Fortunately, India continued to go down the path of globalisation, and I still
work there frequently. Western businesses set up shops which "exploited" the
native workers by giving them vastly better salaries and working conditions
than anything they'd ever had before. Successive waves of these businesses
created a climate of tremendous economic mobility, with workers constantly
jockeying to jump to each emerging income tier. In just over a decade, I've
seen several hundred million people come out of absolutely grinding poverty
into a lifestyle which is still poor but not truly deprived; I've seen several
hundred million more acquire a standard of living that -- considering the
difference in purchasing parity power -- is perfectly in line with first-world
norms. This has had a knock-on effect in every sector of the economy,
including those where the Western presence isn't particularly felt. When I go
to construction sites now, for example, the workers still tend to live in
(better) temporary shanty-towns next to the construction sites, but now they
have safety gear, their pay has increased about 40-fold, and their children go
to school rather than work.

It has been an absolute pleasure to watch this happen. From everything I've
seen, the rise of China -- which Foxconn epitomises -- has roughly paralleled
this course of development, only more so.

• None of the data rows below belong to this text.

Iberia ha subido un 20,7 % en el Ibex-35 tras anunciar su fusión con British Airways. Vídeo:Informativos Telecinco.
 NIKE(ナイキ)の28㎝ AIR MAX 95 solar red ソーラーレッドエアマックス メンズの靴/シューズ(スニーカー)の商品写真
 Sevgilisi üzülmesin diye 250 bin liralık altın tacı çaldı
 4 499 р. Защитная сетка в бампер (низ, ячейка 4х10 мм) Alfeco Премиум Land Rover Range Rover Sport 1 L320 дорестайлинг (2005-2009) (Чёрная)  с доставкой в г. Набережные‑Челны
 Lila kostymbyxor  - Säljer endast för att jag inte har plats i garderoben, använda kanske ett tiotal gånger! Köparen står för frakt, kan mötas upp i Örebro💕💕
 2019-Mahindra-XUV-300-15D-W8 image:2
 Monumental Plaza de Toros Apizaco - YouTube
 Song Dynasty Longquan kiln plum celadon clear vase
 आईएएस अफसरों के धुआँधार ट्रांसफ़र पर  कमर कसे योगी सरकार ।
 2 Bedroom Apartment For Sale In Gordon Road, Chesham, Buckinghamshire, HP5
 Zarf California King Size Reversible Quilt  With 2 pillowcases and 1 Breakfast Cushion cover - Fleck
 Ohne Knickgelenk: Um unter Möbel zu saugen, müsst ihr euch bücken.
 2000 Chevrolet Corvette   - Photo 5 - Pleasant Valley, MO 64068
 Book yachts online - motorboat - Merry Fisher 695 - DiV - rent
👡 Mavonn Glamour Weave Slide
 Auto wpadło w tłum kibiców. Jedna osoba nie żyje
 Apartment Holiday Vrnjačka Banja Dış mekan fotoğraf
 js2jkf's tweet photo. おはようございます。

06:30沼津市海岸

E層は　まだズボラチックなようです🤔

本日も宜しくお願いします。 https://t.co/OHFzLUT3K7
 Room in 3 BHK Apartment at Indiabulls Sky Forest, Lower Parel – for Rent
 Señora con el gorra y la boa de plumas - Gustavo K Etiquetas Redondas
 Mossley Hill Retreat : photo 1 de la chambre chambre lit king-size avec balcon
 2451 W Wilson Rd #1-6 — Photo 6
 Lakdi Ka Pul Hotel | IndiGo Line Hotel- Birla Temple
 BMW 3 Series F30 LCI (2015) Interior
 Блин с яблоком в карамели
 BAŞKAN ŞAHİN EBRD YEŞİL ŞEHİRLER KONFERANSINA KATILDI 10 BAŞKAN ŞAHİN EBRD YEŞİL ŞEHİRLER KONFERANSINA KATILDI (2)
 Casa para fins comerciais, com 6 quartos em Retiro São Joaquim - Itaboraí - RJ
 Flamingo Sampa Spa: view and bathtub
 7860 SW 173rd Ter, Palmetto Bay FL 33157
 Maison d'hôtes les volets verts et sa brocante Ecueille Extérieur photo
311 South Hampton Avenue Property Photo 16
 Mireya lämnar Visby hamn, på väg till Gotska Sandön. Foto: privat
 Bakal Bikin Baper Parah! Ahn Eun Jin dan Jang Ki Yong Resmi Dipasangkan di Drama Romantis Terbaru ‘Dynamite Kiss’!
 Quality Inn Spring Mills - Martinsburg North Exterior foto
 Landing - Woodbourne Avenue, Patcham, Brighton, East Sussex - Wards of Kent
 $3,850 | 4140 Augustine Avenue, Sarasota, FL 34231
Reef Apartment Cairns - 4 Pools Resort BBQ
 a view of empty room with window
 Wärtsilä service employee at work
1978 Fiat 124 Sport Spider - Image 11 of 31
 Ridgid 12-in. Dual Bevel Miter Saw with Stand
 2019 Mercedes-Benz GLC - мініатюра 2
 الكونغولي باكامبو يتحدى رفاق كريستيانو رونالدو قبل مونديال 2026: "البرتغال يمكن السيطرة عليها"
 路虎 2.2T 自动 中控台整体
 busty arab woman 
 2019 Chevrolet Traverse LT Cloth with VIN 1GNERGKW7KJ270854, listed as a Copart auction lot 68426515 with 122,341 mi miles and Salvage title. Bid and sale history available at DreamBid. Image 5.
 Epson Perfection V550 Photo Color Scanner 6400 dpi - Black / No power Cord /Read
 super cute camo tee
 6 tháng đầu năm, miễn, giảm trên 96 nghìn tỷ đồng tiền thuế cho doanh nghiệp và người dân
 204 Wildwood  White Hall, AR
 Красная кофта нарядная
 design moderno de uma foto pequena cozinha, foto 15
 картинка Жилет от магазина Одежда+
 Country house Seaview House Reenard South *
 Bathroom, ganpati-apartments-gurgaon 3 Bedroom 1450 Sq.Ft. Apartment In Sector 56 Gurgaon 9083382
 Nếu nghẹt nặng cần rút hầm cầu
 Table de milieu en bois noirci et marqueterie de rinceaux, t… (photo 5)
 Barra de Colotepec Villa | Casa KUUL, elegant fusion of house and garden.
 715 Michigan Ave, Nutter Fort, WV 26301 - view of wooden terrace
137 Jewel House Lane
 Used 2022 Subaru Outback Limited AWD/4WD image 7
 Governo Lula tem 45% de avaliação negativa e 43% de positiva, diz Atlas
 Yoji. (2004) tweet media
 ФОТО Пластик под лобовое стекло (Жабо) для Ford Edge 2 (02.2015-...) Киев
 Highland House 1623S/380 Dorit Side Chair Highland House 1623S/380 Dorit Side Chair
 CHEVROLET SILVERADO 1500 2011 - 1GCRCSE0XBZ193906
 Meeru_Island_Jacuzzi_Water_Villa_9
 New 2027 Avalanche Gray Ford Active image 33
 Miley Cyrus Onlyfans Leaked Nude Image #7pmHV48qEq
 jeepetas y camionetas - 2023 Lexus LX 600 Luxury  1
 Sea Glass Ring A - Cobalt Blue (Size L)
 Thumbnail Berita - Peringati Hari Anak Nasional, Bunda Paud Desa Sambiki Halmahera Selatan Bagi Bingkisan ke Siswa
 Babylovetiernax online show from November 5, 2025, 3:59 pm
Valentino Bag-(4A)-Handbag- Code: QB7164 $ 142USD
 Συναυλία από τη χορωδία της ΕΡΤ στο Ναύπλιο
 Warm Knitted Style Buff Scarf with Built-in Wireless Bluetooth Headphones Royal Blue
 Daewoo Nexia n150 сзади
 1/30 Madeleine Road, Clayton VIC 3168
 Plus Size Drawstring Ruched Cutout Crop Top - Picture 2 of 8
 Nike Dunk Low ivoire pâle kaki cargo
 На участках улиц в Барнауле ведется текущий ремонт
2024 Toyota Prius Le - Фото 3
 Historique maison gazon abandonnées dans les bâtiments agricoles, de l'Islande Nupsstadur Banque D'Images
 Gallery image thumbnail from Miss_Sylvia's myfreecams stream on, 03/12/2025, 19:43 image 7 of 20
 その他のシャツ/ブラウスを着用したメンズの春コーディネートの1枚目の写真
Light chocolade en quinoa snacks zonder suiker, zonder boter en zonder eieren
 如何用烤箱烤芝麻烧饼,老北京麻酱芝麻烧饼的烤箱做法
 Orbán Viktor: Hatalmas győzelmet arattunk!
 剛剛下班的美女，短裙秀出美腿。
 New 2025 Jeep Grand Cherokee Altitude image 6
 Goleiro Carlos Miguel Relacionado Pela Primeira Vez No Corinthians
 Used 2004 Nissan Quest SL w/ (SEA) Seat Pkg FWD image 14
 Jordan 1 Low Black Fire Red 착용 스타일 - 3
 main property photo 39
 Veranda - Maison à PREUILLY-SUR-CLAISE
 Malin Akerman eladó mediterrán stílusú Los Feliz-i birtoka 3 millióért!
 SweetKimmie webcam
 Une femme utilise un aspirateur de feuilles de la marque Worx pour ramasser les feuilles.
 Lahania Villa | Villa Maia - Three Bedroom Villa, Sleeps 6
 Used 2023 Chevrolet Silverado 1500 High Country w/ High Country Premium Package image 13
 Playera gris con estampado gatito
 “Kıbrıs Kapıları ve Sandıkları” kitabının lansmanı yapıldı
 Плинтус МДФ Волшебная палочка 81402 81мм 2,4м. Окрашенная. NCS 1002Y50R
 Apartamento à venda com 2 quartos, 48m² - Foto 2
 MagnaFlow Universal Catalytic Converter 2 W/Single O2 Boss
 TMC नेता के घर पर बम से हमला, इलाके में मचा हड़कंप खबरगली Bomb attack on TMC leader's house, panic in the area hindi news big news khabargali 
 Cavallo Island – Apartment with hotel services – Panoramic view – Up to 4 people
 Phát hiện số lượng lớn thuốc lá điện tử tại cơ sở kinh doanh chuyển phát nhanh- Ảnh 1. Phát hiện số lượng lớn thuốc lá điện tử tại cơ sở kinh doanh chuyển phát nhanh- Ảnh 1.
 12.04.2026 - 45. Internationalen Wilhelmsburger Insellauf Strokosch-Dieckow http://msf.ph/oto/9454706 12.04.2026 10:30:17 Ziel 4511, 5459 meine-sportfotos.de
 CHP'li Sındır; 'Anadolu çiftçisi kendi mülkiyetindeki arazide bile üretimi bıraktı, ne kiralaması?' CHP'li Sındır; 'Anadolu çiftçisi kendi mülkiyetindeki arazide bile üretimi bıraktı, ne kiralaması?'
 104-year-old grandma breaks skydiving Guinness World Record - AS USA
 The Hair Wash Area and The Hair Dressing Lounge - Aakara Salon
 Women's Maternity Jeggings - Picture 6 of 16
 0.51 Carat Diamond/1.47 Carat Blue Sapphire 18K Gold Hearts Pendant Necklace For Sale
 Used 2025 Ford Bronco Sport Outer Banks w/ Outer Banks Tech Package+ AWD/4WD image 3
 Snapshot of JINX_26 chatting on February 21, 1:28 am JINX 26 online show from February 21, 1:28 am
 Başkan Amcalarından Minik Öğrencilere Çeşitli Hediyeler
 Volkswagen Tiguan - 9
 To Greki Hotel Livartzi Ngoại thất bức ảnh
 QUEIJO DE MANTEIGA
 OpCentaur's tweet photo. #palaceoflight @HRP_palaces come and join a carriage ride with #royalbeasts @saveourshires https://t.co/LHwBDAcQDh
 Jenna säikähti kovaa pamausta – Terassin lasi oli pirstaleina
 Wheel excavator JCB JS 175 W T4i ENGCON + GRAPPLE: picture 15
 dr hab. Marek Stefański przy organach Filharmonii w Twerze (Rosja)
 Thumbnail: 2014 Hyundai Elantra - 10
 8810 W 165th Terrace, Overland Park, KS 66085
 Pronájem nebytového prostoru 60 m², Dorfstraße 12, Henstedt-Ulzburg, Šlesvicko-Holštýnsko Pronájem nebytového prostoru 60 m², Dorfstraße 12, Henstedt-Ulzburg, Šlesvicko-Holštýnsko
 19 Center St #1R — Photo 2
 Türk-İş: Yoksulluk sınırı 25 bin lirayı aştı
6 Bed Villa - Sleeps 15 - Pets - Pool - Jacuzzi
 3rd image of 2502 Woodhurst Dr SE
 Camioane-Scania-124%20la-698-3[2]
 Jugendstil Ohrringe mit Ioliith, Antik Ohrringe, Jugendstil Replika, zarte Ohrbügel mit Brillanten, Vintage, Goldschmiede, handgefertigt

Frankly, the question of "how bad is Foxconn, really?" should have been
answerable with a single data point: their suicide rate is lower than that of
China's as a whole. That should tell you something. Foxconn is undoubtedly
imperfect, but that one fact demonstrates that it must be better than the
alternatives. Much of the negative perception of Foxconn has been driven by
cultural misunderstanding rather than reality. When sensationalist journalists
tried to turn the (statistically lower) rate of suicide into a news story, the
instincts of Foxconn managers were to save face, act humble, and vow to do
better. That's how you gain respect in Confucian culture, but to Americans it
looked like an admission of guilt. It would have been better if their PR
department had foregone the absurd suicide nets and such, and simply said
"Look, our suicide rate is lower than the rest of China's, so take that,
biatches!"

That would have gotten the truth across more succinctly than anything else.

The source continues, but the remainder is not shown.